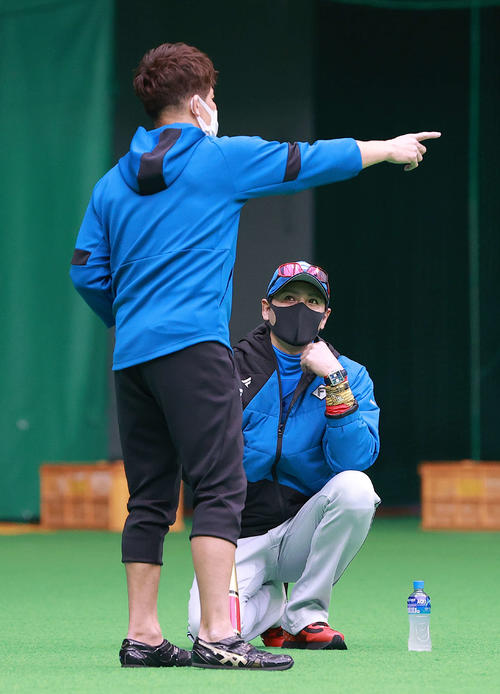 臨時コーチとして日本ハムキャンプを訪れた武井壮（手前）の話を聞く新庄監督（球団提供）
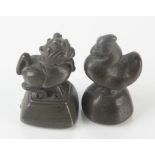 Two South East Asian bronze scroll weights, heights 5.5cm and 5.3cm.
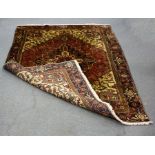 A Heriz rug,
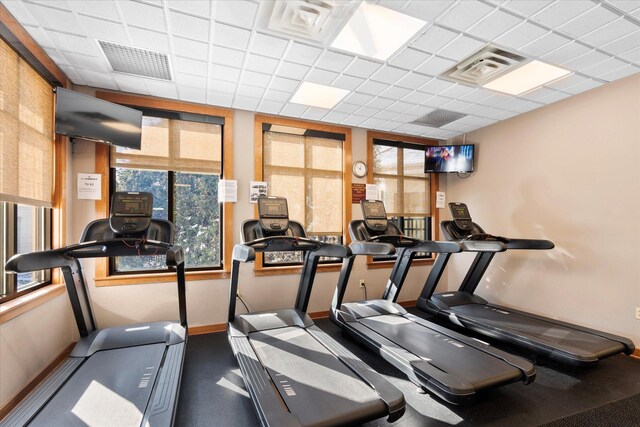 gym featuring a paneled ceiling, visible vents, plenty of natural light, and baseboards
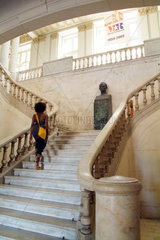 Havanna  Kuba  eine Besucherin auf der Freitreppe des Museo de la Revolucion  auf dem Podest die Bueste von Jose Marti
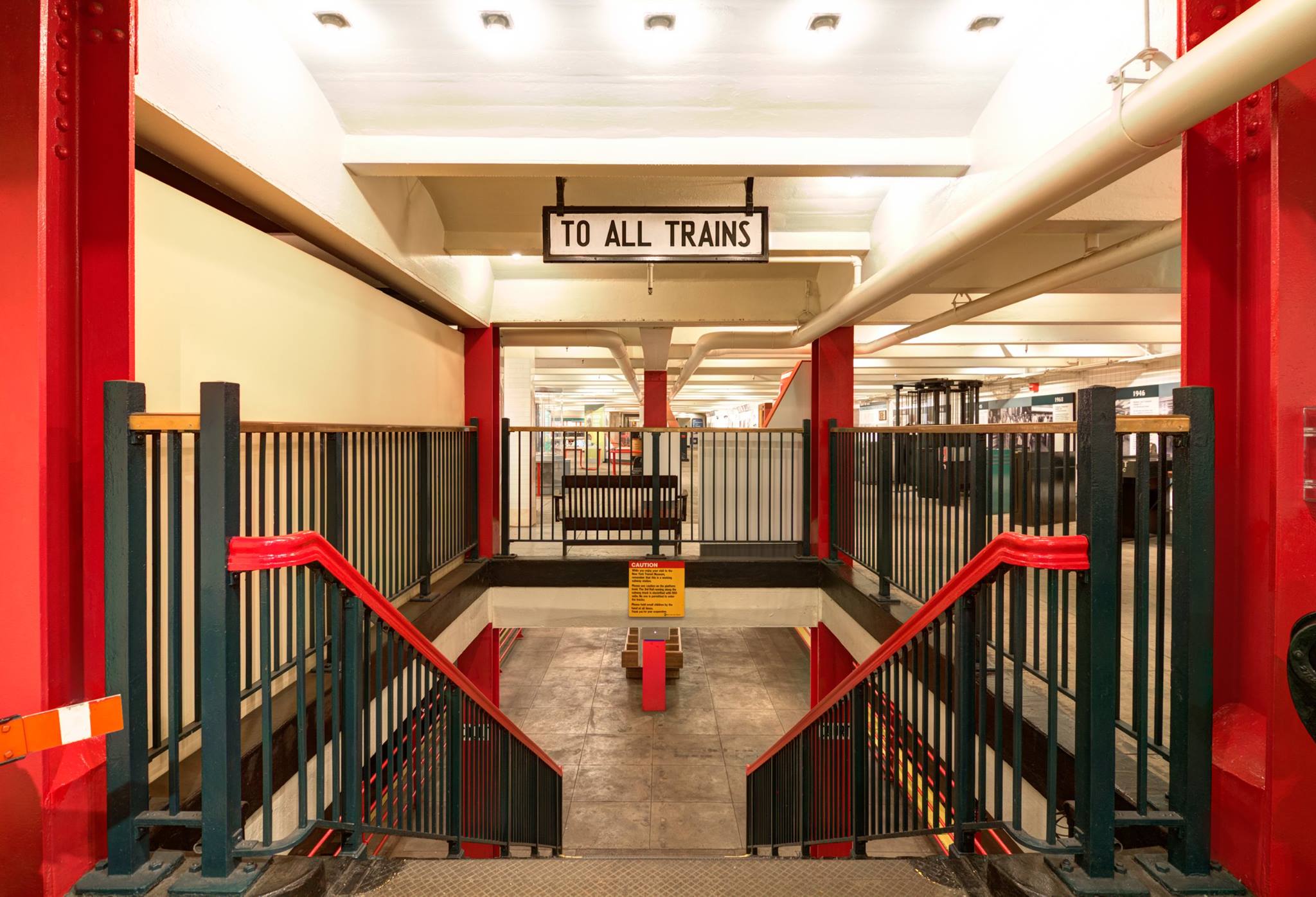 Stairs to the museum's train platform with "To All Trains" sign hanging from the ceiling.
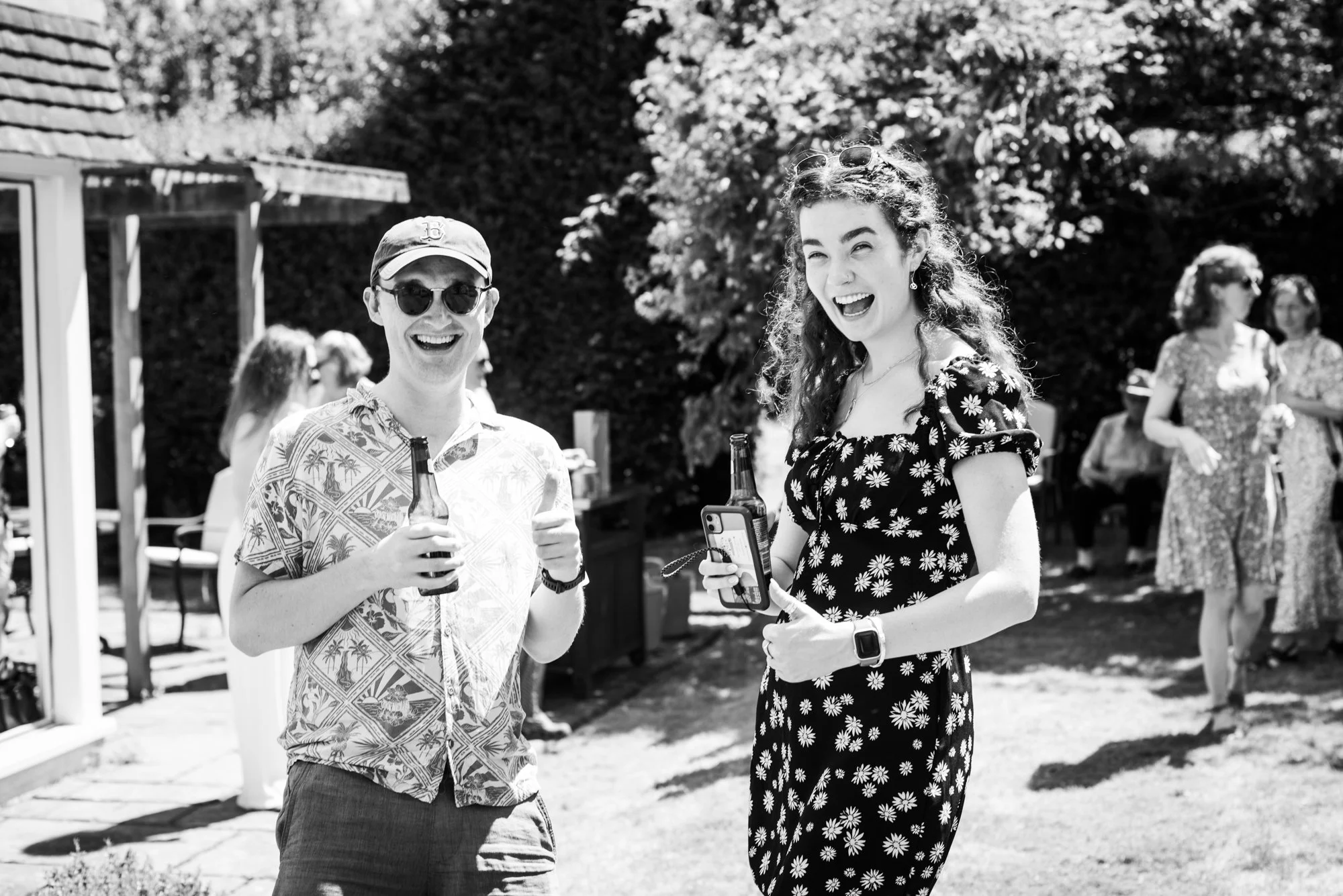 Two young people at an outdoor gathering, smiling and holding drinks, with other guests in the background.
* * * * *
■ AIM OF THE EXERCISE ■
Would you repeat the material exactly, keeping out any pictures?

■ RESULT OF THE TASK ■
 臨時コーチとして日本ハムキャンプを訪れた武井壮（手前）の話を聞く新庄監督（球団提供）
 Two South East Asian bronze scroll weights, heights 5.5cm and 5.3cm.
 A Heriz rug,
 gym featuring a paneled ceiling, visible vents, plenty of natural light, and baseboards
 Havanna  Kuba  eine Besucherin auf der Freitreppe des Museo de la Revolucion  auf dem Podest die Bueste von Jose Marti
 Stairs to the museum's train platform with "To All Trains" sign hanging from the ceiling.
 Two young people at an outdoor gathering, smiling and holding drinks, with other guests in the background.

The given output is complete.